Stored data
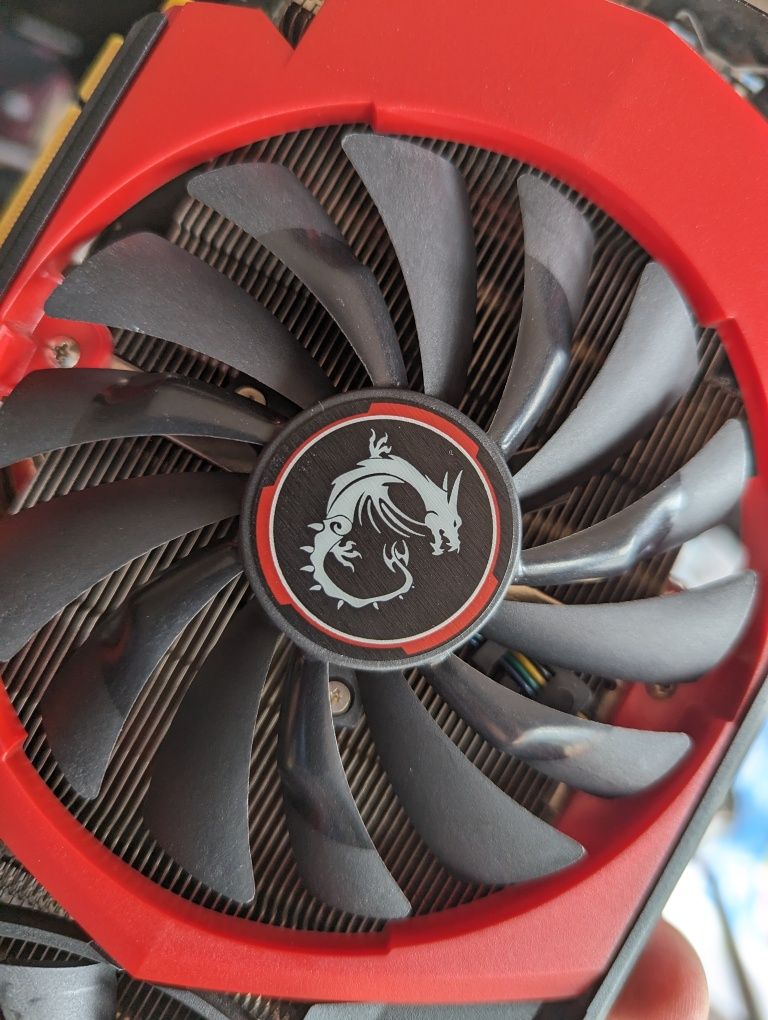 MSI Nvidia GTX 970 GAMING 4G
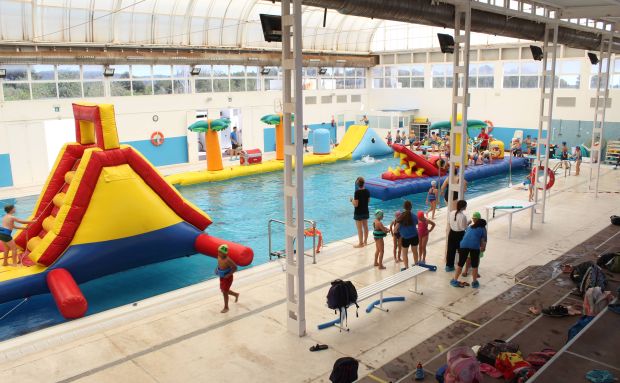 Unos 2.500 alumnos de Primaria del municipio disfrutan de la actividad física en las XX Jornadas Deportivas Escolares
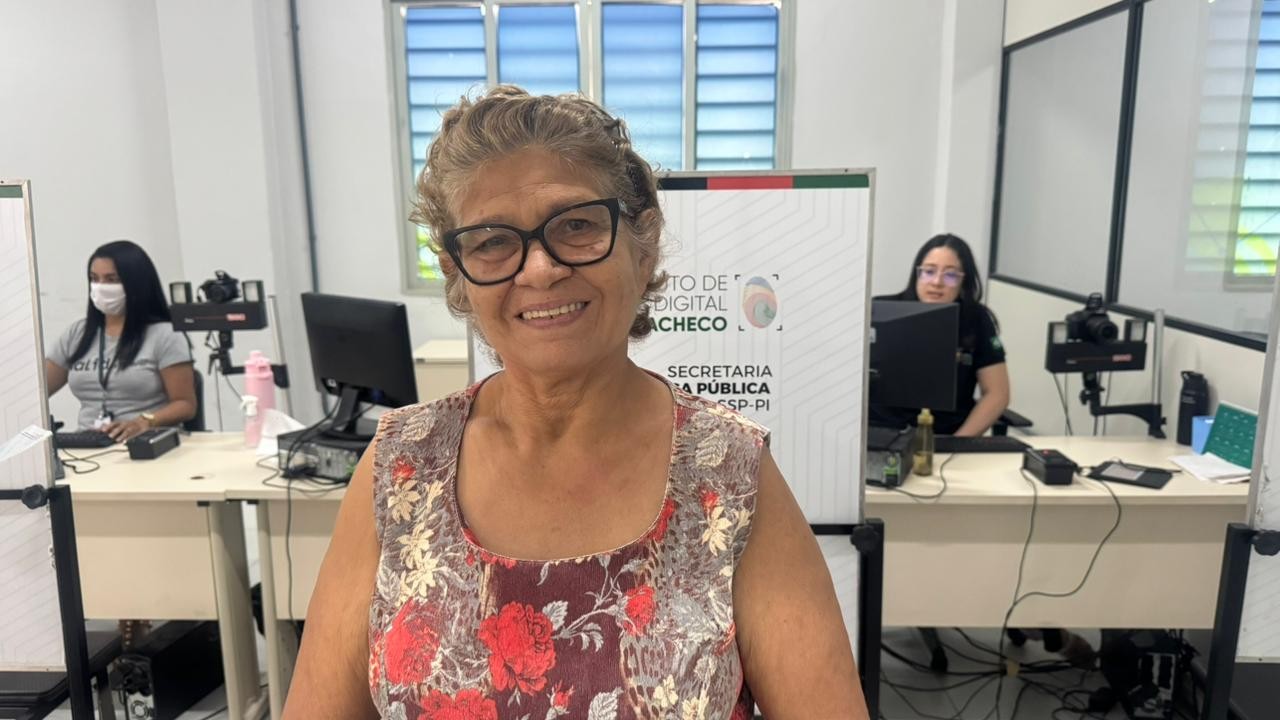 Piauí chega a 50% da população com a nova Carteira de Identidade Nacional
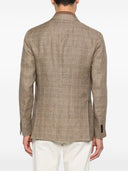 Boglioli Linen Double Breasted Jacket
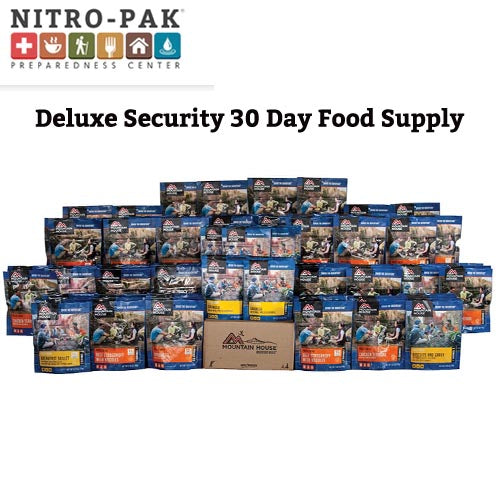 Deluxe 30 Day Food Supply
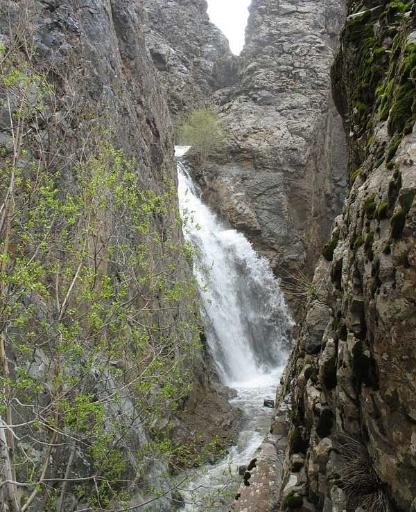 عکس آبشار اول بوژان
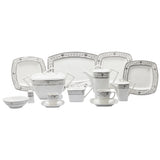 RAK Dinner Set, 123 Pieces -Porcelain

--

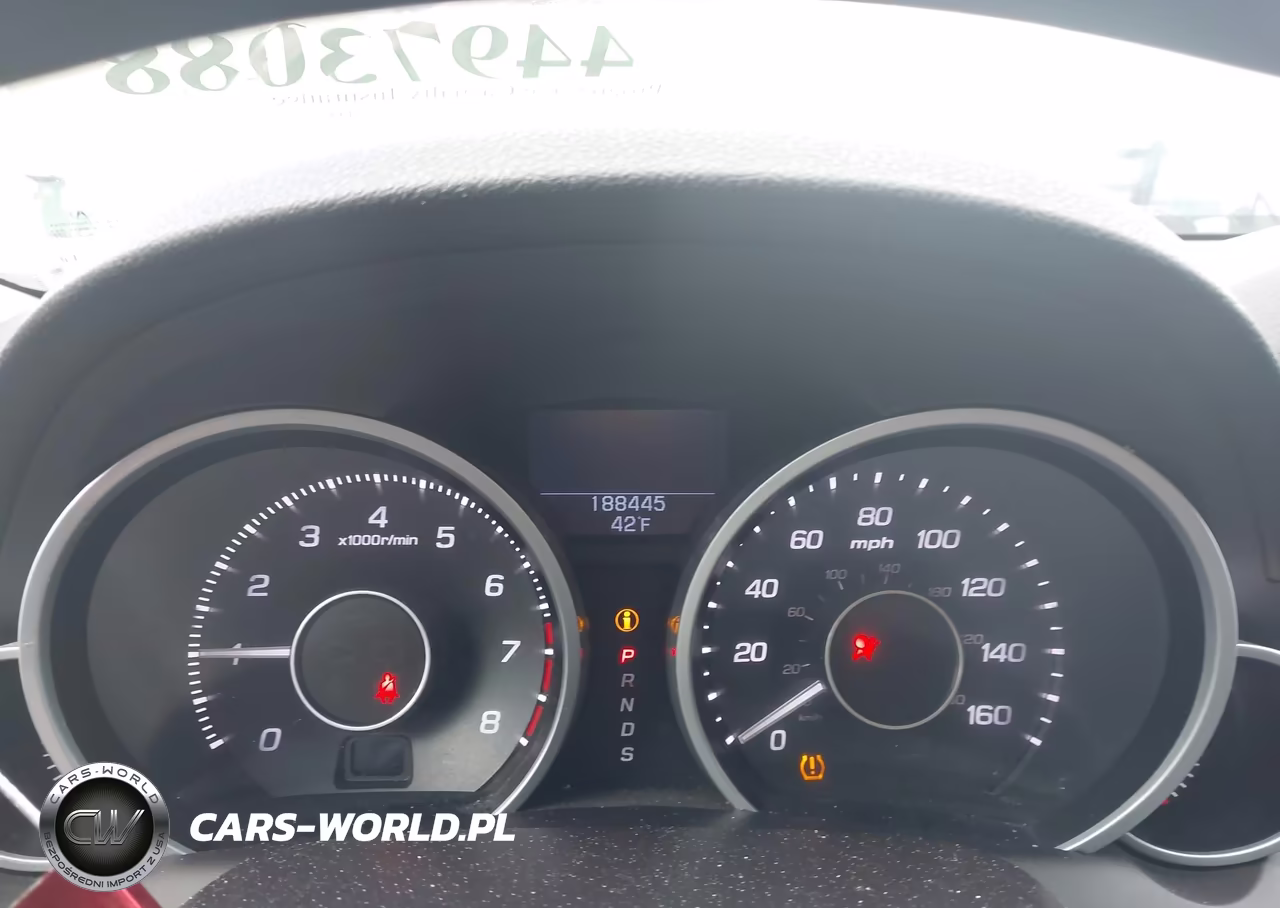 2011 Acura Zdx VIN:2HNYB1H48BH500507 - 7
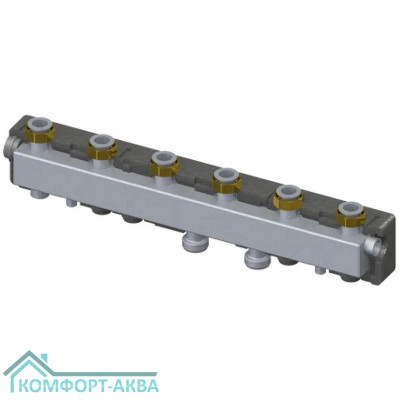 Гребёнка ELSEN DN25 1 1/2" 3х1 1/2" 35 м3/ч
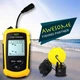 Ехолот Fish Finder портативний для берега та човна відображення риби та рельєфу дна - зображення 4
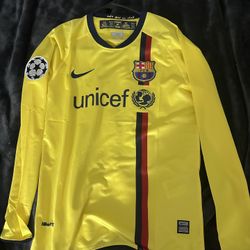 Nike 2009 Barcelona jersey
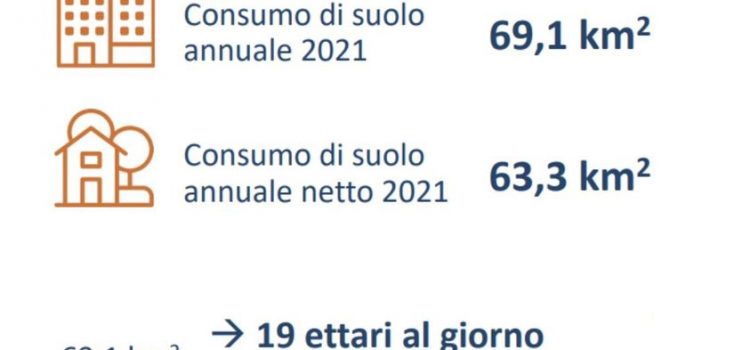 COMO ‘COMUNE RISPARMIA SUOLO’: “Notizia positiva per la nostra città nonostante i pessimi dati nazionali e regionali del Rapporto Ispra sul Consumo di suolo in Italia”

# ASSIGNMENT
Give again, exactly as written above, every line from the one holding "Nike 2009 Barcelona jersey" to the one holding "COMO ‘COMUNE RISPARMIA", with both ends kept and the pictures left out.

# TASK OUTPUT
 Nike 2009 Barcelona jersey
 COMO ‘COMUNE RISPARMIA SUOLO’: “Notizia positiva per la nostra città nonostante i pessimi dati nazionali e regionali del Rapporto Ispra sul Consumo di suolo in Italia”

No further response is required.